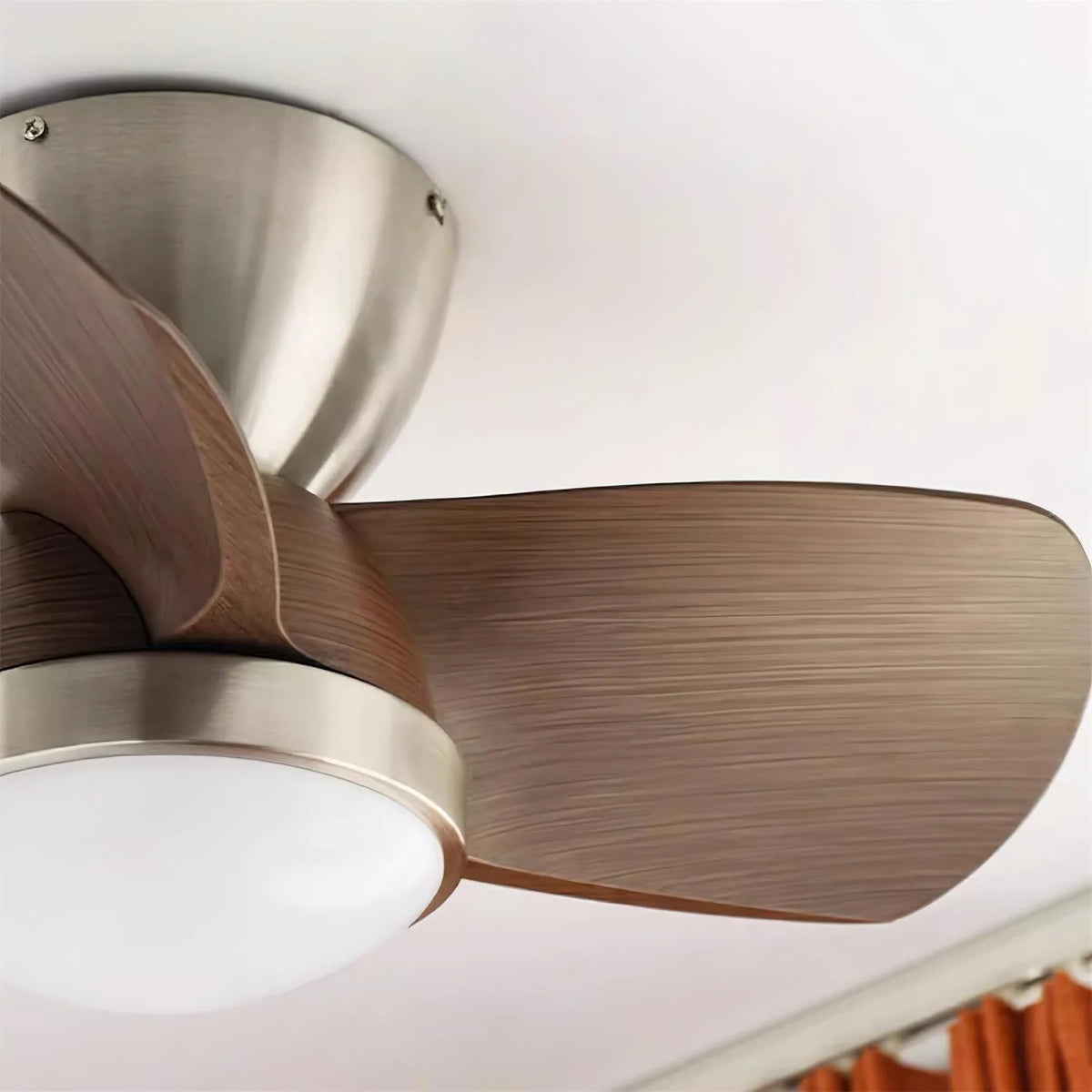 Ceiling Fan 6-Speed LED Light & Remote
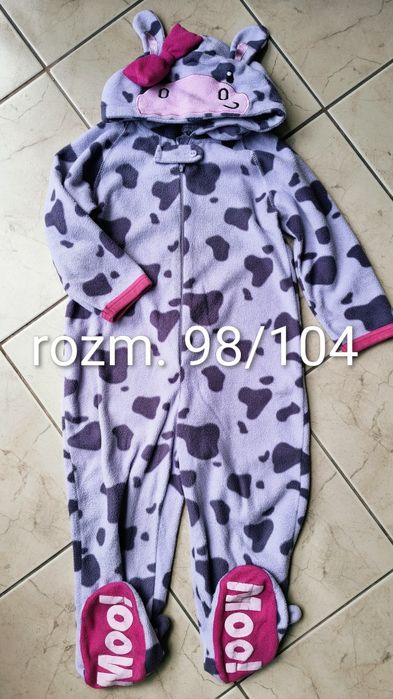 Piżama jednoczęściowa krówka krowa rozm. 98/104
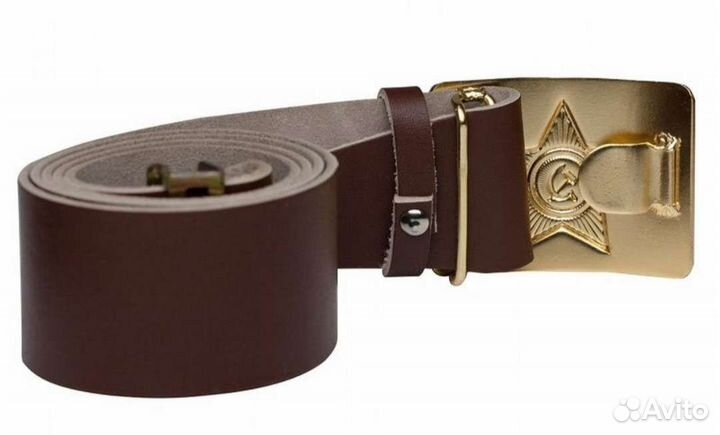 Ремень СССР (латунь, кожа)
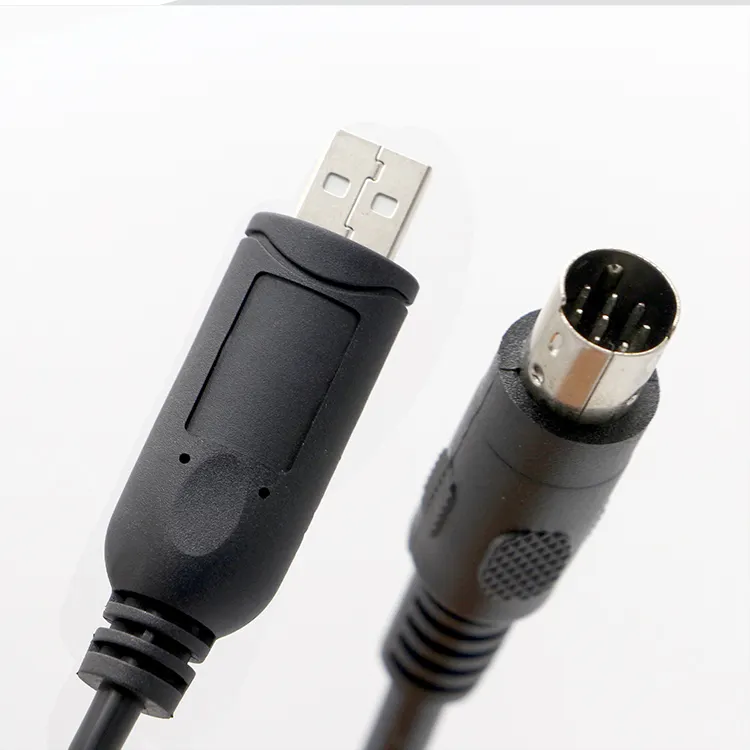 Kabel MINI DIN Midi FTDI 232rl USB Ke 8 Pin Kustom 3M 8M 12M dengan Harga Terbaik dan Kualitas Tinggi.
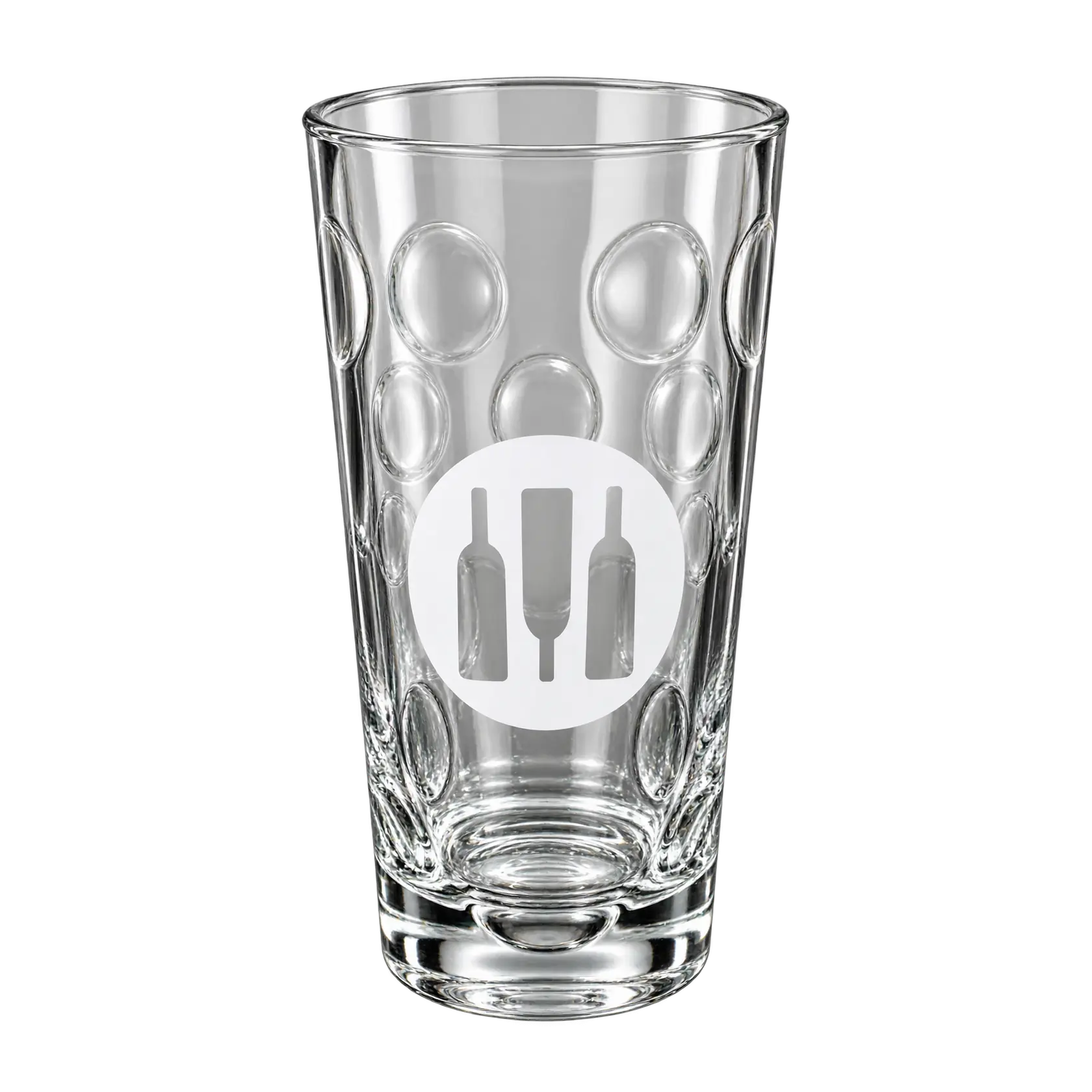 Pfälzer Dubbeglas 0,5 l | 6 Stück mit Logo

Work to be completed
Although the records include pictures, output only their text, exactly and completely.

Task result
 Ceiling Fan 6-Speed LED Light & Remote
 Piżama jednoczęściowa krówka krowa rozm. 98/104
 Ремень СССР (латунь, кожа)
 Kabel MINI DIN Midi FTDI 232rl USB Ke 8 Pin Kustom 3M 8M 12M dengan Harga Terbaik dan Kualitas Tinggi.
 Pfälzer Dubbeglas 0,5 l | 6 Stück mit Logo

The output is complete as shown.